Sometimes the pressure comes to a head and I start to imagine a life with a child in tow, start to believe this can be accomplished with ease, that molding a little human being into a mini-me (but better, with more music lessons and sports playing) would be A Great Idea. And we'd take it everywhere, and buy outfits that matched everything we wore and did, it'd be the perfect accessory to our Adult Life, greater than that Hilton girl with the teeny tiny dog. Plus! Free lawn service, dish duty and dog walking after the first few years. Then I wake up and run back to the safety of the no kids camp.

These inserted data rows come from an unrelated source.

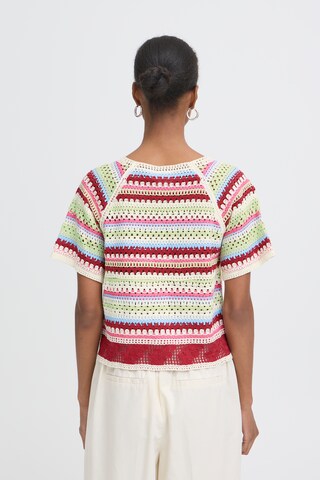 ICHI Pullover 'IHBANDIE SS2' i blandingsfarvet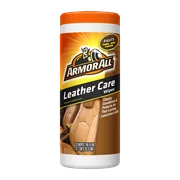 Armor All Leather Care Wipes, 20 ct, Car Leather Cleaner Conditioner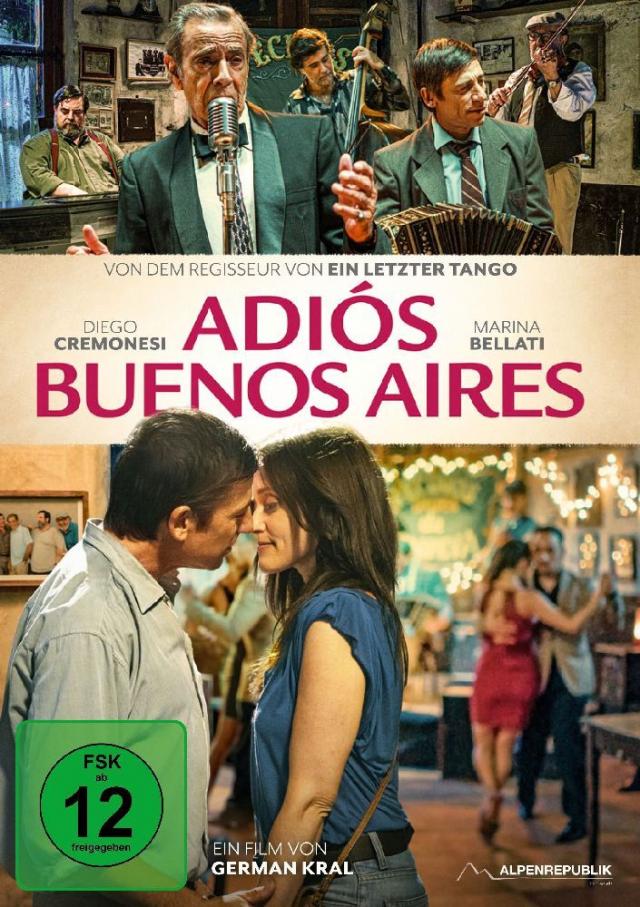 Adiós Buenos Aires, 1 DVD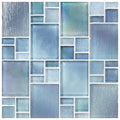 Avalon Blue Puzzle Glass Mosaic Tile 12x12 Sheet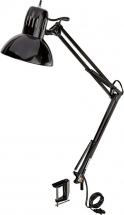 Globe Electric 56963 Metal Clamp-Swing Arm Multi-Joint Desk Lamp, 31.5", Black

Selected bits from my life to illustrate how I know I am not in the right place to conceive and raise a child:

-I quite enjoy having money (what little of it we manage to hold onto). And I quite QUITE enjoy Peace And Quiet and Time To Myself.

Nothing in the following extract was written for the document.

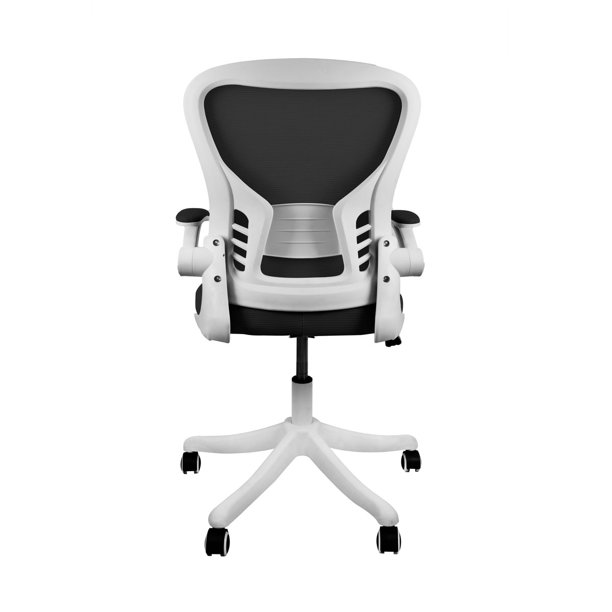  Seatingplus Silla ergonómica de oficina ejecutiva con soporte  lumbar, tela de lino, sillas de escritorio para oficina en casa, brazos  abatibles con ruedas, color gris : Productos de Oficina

-Those new 4D ultrasound photos creep me right the fuck out.

-I’d spend the entire pregnancy secretly praying that my baby won’t be ugly (after the mandatory first month during which that wrinkly, just-came-out-of-someone, misshapen head stuff gets straightened out, of course)

-I’m the one at Wal-Mart that shot you a Dirty Look for letting your 5 little blessings run rampant through the feminine hygiene aisle. I’m also the one that came this close to sympathy-vomiting, before shooting you a Dirty Look when your child ralphed all over the cosmetics aisle at Target. No idea how you people don’t go postal.

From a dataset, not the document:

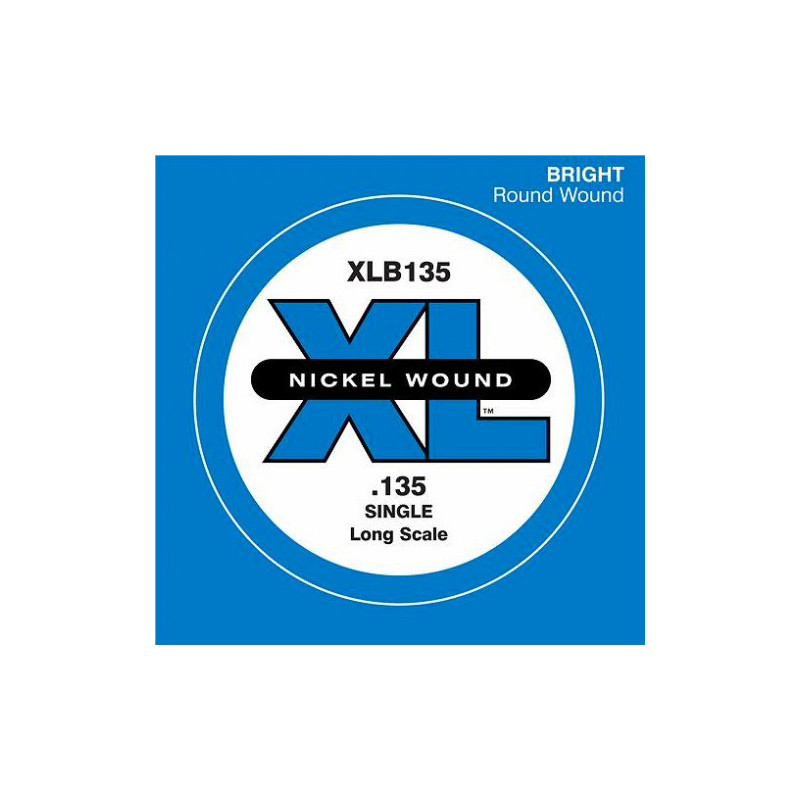 D'ADDARIO XLB135 NICKEL WOUND BASS STRING 135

-I still have moments while babysitting my niece that I think it would be much easier (and not too terrible, right? I mean, she probably wouldn’t even remember it. Or hey! We could make it into a game!) to put her in one of the dogs’ crates so we can make dinner/light the grill/load laundry.

-I watch many a Super Nanny episode thinking “Naughty chair my ass, those kids need a good spank. Or three.” Or, as Monk said last night after watching some little monster smack, kick and bite his mother, “that were my kid, he’d be pickin’ his teeth out of his brain.” We’ll be moving to our new double-wide next week.

**Obligatory disclaimer: Of COURSE I am not anti-children. Of COURSE I am awed by the miracle of life. Of COURSE I have nothing but the highest respect for the people that choose to take on the awesome responibility of raising another human being. Of COURSE I do not trip your children on purpose when they are running wildly through the grocery store.**


2 comment:

Blogger Lisa said...

That is too funny. And don't feel bad if you decide you don't want kids. There's nothing wrong with that. I love my little man and he brings me alot of joy, but children suck the life right out of you. And all of the money out of your wallet. But if you are ready for them, you don't mind the sacrafices and you won't resent them.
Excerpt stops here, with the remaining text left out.